Thus $\KH$ is the homotopy colimit of the diagram
\begin{displaymath}
\xymatrix
@R=5mm
@C=10mm
{
k_{[2]}\ar[r]^(.4){D}
&\Sigma^{-4\rho_{4}}\kH\ar[r]^(.5){D}
&\Sigma^{-8\rho_{4}}\kH\ar[r]^(.6){D}
&\dotsb
}
\end{displaymath}
\noindent Desuspending by $4\rho_{4}$ converts slices to slices, so
for even $t$ we have
\begin{align*}
P_{t}^{t}\KH
& = \lim_{k\to \infty }\Sigma^{-4k\rho_{4}}P^{t+16k}_{t+16k}\kH \\
& = \lim_{k\to \infty }\Sigma^{-4k\rho_{4}}
\bigvee_{0\leq m\leq t/4+4k}X_{m,t/2+8k-m} \\
& = \lim_{k\to \infty }
\bigvee_{0\leq m\leq t/4+4k}X_{m-4k,t/2+4k-m} \\
& = \lim_{k\to \infty }
\bigvee_{-4k\leq m\leq t/4}X_{m,t/2-m} \\
& = \bigvee_{m\leq t/4}X_{m,t/2-m}.\hfill \qed
\end{align*}
\bigskip
\begin{cor}\label{cor-filtration}
{\bf A filtration of $\kH$. }
Consider the diagram
\begin{displaymath}
\xymatrix
@R=5mm
@C=10mm
{
{\kH}\ar[d]^(.5){}
&{\Sigma^{\rho_{4}}\kH}\ar[d]^(.5){} \ar[l]_(.5){\normrbar_{1}}
&{\Sigma^{2\rho_{4}}\kH}\ar[d]^(.5){}\ar[l]_(.45){\normrbar_{1}}
&\dotsb \ar[l]_(.4){\normrbar_{1}}\\
y_{0}
&y_{1}=\Sigma^{\rho_{4}}y_{0}
&y_{2}=\Sigma^{2\rho_{4}}y_{0}
}
\end{displaymath}
\noindent where $y_{0}$ is the cofiber of the map induced by
$\normrbar_{1}$. Then the slices of $y_{m}$ are
\begin{displaymath}
P_{t}^{t}y_{m}=\mycases{
X_{m,t/2-m}
&\mbox{for $t$ even and $t\geq 4m$}\\
* &\mbox{otherwise.}
}
\end{displaymath}
\end{cor}
\begin{cor}\label{cor-Filtration}
{\bf A filtration of $\KH$.} Let $R=\Z_{(2)}[x]/ (11x^{2}-20x+5)$.

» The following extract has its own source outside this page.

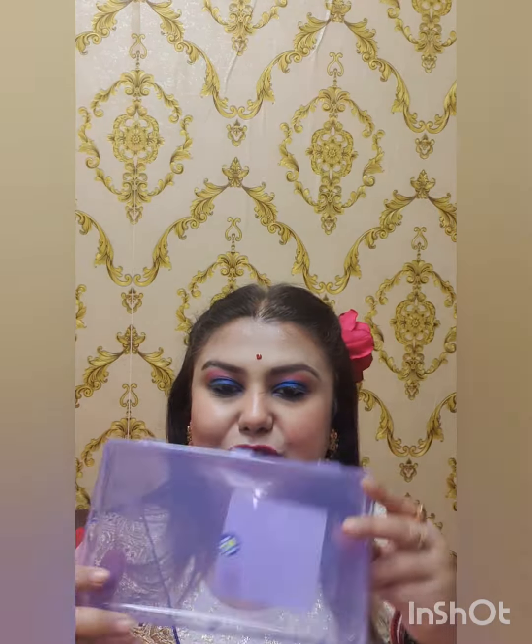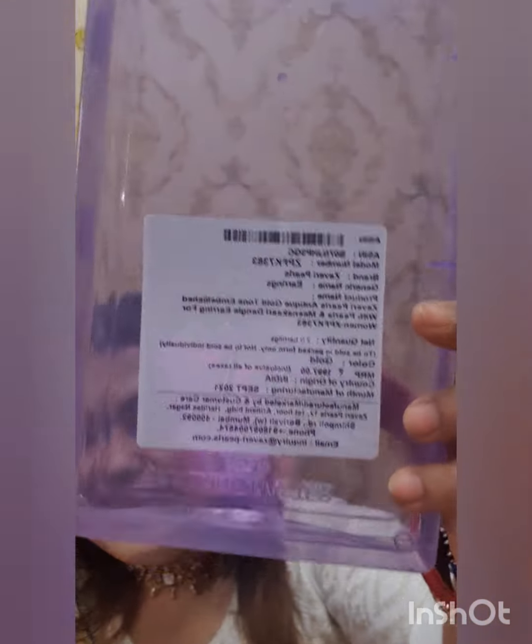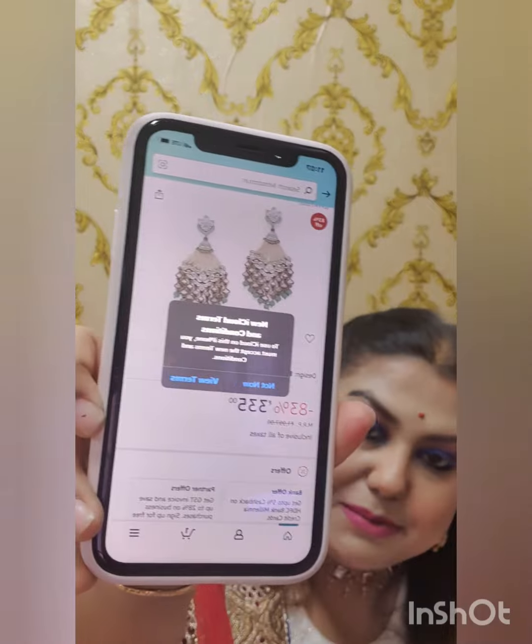Let me try to show you this earring up close. You should get a better look at the earring details. You can pick up this earring — there is a discount for 555. I will review this for the next day. You can see the length, and the length is very good.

After tensoring with $R$ (by smashing with a suitable Moore spectrum
$M$) there is a diagram
\begin{displaymath}
\xymatrix
@R=5mm
@C=10mm
{\dotsb \ar[r]^(.5){}
&\Sigma^{2\rho_{4}}\kH\ar[r]^(.5){f_{2}}\ar[d]^(.5){}
&\Sigma^{\rho_{4}}\kH\ar[r]^(.5){f_{1}}\ar[d]^(.5){}
&k_{[2]}\ar[r]^(.4){f_{0}}\ar[d]^(.5){}
&\Sigma^{-\rho_{4}}\kH\ar[r]^(.6){f_{-1}}\ar[d]^(.5){}
&\dotsb
\\
&Y_{2}
&Y_{1}
&Y_{0}
&Y_{-1}
&
}
\end{displaymath}
\noindent where the homotopy colimit of the top row is $\KH$ and each
$Y_{m}$ has slices similar to those of $y_{m}$ as in Corollary
\ref{cor-filtration}.
\end{cor}
\proof The periodicity element $D=-\normrbar_{1}^{2} (5\ot_{2}^{2}-20
\ot_{2}\normrbar_{1} +11\normrbar_{1}^{2})$ can be factored as
\begin{displaymath}
D=D_{0}D_{1}D_{2}D_{3}
\end{displaymath}
\noindent where $D_{i}=a_{i}\normrbar_{1}+b_{i}\ot_{2}$ with $a_{i}\in
\Z_{(2)}^{\times }$ and $b_{i}\in R$. Then
let $f_{4n+i}$ be multiplication by $D_{i}$. It follows that the
composite of any four successive $f_{m}$s is $D$, making the colimit
$\KH$ as desired. The fact that $a_{i}$ is a unit means that the
$Y$'s here have the same slices as the $y$'s in Corollary
\ref{cor-filtration}. \qed\bigskip
\begin{rem}\label{rem-Witt}
The 2-adic completion of $R$ is
the Witt ring $W (\F{4})$ used in Morava $E_{2}$-theory. This follows
from the fact that the roots of the quadratic polynomial involve
$\,\sqrt[]{5}$, which is in $W (\F{4})$ but is not a 2-adic integer.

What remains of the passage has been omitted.